Optometrists who also sell eyeglasses out of their practices have long faced competition from other brick-and-mortar stores: large chains like LensCrafters, retail giants like Wal-Mart and even the corner drug store selling readers.
But now they’re facing a new challenge: glasses bought online, and how frequently they need adjustments.
“Competition isn’t necessarily a bad thing,” said Todd Fleischer, the executive director of the Kansas Optometric Association. “But it is affecting the traditional model and how they do business.”
According to a market research report by IBISWorld, online sales of eyeglasses and contact lenses grew by about 7 percent per year between 2011 and 2016. That pace is expected to slow, but it’s still taking a chunk out of local optometrists’ revenues.
It’s also forcing them to make tough customer service decisions, Fleischer said. Many optometry practices offer free eyeglass adjustments to their patients, regardless of whether they buy the glasses at the practice.
Online sales are testing those policies.
“That’s something where the doctors have to determine how they handle that,” Fleischer said.
With online sellers advertising prescription eyewear for as low as $7, there’s little risk to consumers in ordering without a try-on.
But Amanda Carr, the optical manager at Hawks, Besler & Rogers Optometry in Overland Park, said those often need a lot of adjustments.
“We have a lot of issues with measurements,” Carr said. “If they’re too tight we can do our best, but there’s really no easy fix for that.”
Still, she and her colleagues will try to fix them at no cost, with one caveat.
“We do have them sign a waiver if there’s any breakage because a lot of times the quality of products is not up to par,” Carr said.

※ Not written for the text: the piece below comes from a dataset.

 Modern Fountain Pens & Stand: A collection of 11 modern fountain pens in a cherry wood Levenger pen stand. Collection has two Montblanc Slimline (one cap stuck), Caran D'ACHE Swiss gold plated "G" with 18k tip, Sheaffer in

Jason Rogers, an optometrist at Carr’s office, said he and his partners are focused on patients’ overall eye health needs and don’t begrudge them the opportunity to shop elsewhere for their glasses.
There’s no plan yet for them to charge extra for adjustments.

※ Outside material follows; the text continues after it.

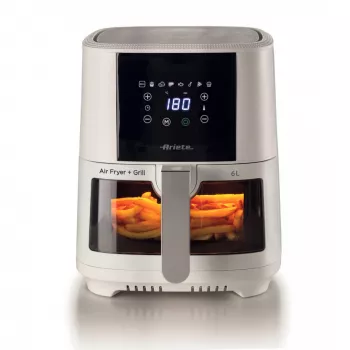 Ariete 4626 Airy Fryer 6L, oro gruzdintuvė, 1300 W, 6 L talpa, 2,5 kg kepimo talpa, 8 išankstinių programų, temperatūra iki 200°, permatomas krepšelis kepimo kontrolei, juoda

“We have had the philosophy of trying to take care of whatever needs someone has when they come in, whether they purchase them here or elsewhere,” Rogers said. “(But) I know there are offices out there that actually have a fee for that; to look at them or to troubleshoot them if they weren’t purchased there.”
Rogers said his office tries to keep a wide selection of glasses in stock to keep customers from going elsewhere, including online.
Carr said online sales haven’t affected their office as much as others because it’s a “mature practice” with a lot of longtime customers. But her sister is an optician at a practice that has been harder hit by online sales.
Fleischer said online is starting to play into decisions about whether to start up or expand new practices.
“I think it’s definitely a factor in what’s going on in the (business) environment,” Fleischer said. “It’s just like every other business they have to adapt (to the internet). I wouldn’t call it necessarily a game-changer, but it’s something that definitely factors into their decisions.”